Oj działo się w tym 2014 roku. W zeszłorocznym podsumowaniu napisałem, że „ciężko będzie mi przebić ten rok”. Okazało się, że przebiłem pod wieloma względami i to z nawiązką. Takiego roku w historii bloga jeszcze nie było i pozwolę sob na to samo stwierdzenie co 365 dni temu – takiego rok już na pewno nie będzie!
R0k 2014 zaczął się z wielkim przytupem. Pisałem sobie na spokojnie relację z Iranu, co kilka dni wrzucałem nowy wpis, aż tu nagle okazało się, że otrzymałem Wyróżnienie Główne i Specjalne w konkursie na Bloga Roku 2013. Innymi słowy – blog został uznany jednym z trzech najlepszych w kraju. Wydaje się, że większy zaszczyt blogera chyba spotkać już nie może, ale to dopiero luty – do końca roku jeszcze dużo czasu.
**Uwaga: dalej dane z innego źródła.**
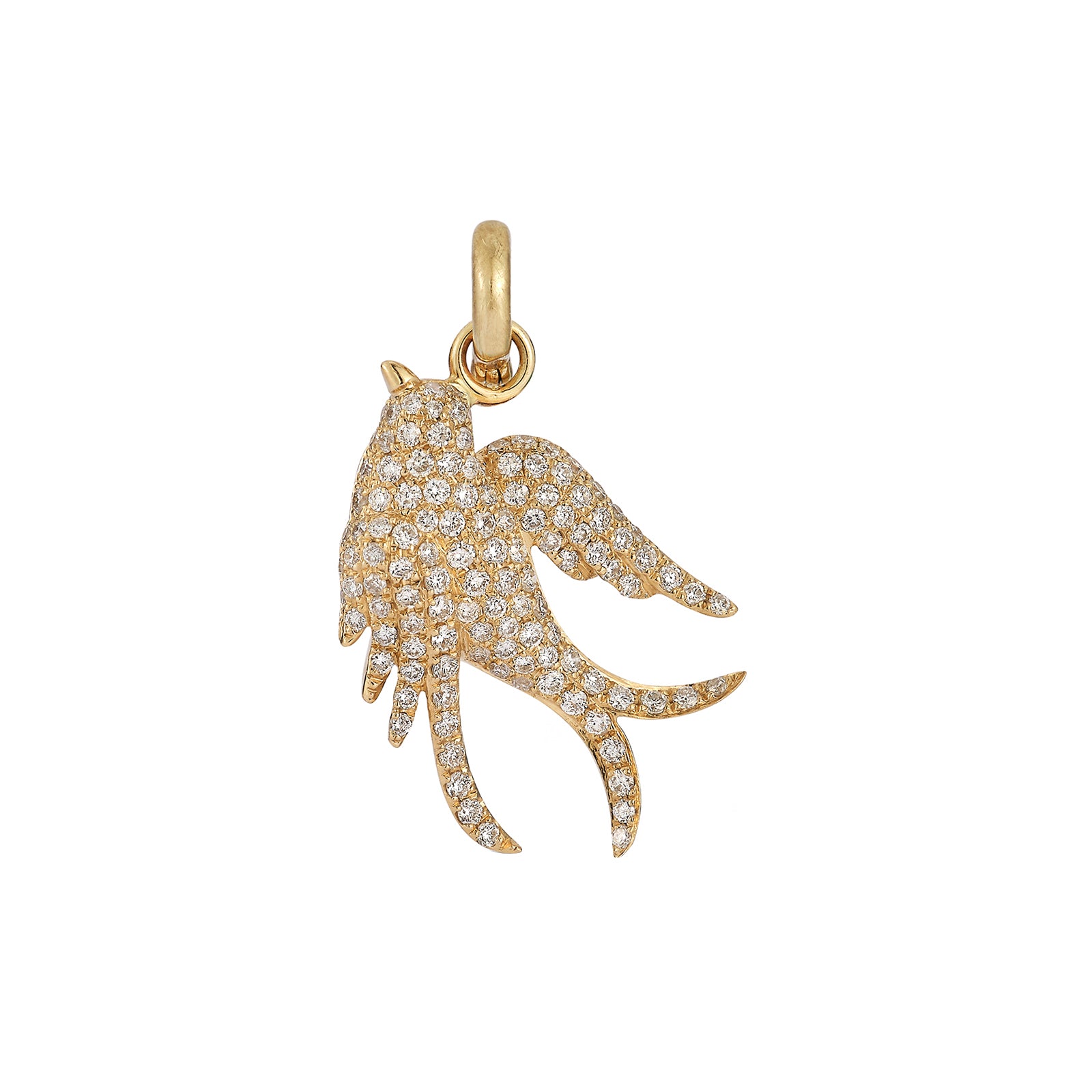 Storrow Sparrow Charm - Diamond, front view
Marzec przeleciał mi na pisaniu magisterki, w kwietniu zaś wybrałem się wraz z Pawłem na Kretę. W tydzień zjeździliśmy połowę wyspy, zobaczyliśmy m.in. niesamowitą Lagunę Balos. Było świetnie, a w międzyczasie dowiedziałem się, że ktoś chce wydać moją książkę pt:. „Kołem Się Toczy: Przez Kaukaz i Bliski Wschód.” Niebywałe, kto by się spodziewał?
W maju odwiedziłem Łukaszenkę na rowerze. Przez tydzień przejechaliśmy wraz ze znajomymi od Białegostoku do Mińska, później do Wilna. Białoruś bardzo mi się spodobała, powstało kilka ciekawych wpisów, w tym bijący rekordy popularności (sam nie do końca rozumiem jego fenomenu?) wpis: Białoruskie pozory normalnego życia.
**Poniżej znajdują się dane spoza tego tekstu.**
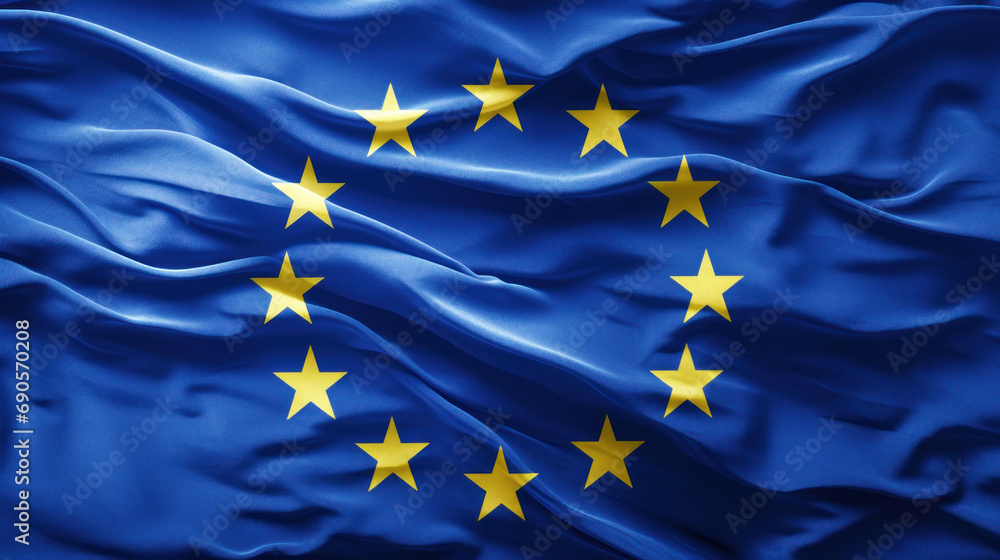 EU flag European Union EU flag European Union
W czerwcu mam już praktycznie skończoną magisterkę i dopieszczam książkę. Pod koniec miesiąca na dobrą sprawę mogę zająć się już planowaniem wyjazdu wakacyjnego. Nagle, dowiaduję się, że wygrałem nagrodę główną w konkursie na „Dziennikarza Obywatelskiego Roku 2013„. Bardzo mi miło! Czy mogę nazywać się dziennikarzem?
To nie koniec atrakcji związanych z czerwcem. Plany są coraz bardziej napięte – jedziemy na tydzień do Norwegii. Stopem robimy kilkaset kilometrów, oglądamy półkę skalną Preikestolen, Trolltungę i kilka innych ciekawych miejsc. Norwegia bardzo mnie oczarowała, jest to zdecydowanie najładniejszy widokowo kraj jaki dane mi było oglądać do tej pory.
Niedługo po tym wyjechałem do Azji Środkowej, więc na pierwsze miejsce wskoczy Kirgistan i Tadżykistan, ale Norwegia ciągle jest w czołówce.
Lipiec. Jestę magistrę inżynierę! W głowie jednak dużo planów. Kupiliśmy wraz z Martą bilety do Kirgistanu i Tadżykistanu. Mamy dwa miesiące na poznanie tego regionu świata z pozycji siodełka rowerowego. Spędziliśmy niesamowity czas, poznaliśmy setki wspaniałych ludzi, mieliśmy okazję spróbować baraniego oka, spać w jurtach, walczyliśmy z upałami, brakiem tlenu na wysokości i przy okazji zdobyliśmy kilka ponad czterotysięcznych przełęczy. Co prawda nie było jeszcze wpisów z Pamiru na blogu, ale przygotujcie się powoli na porządną dawkę świetnych widoków i wielkich, pustych przestrzeni!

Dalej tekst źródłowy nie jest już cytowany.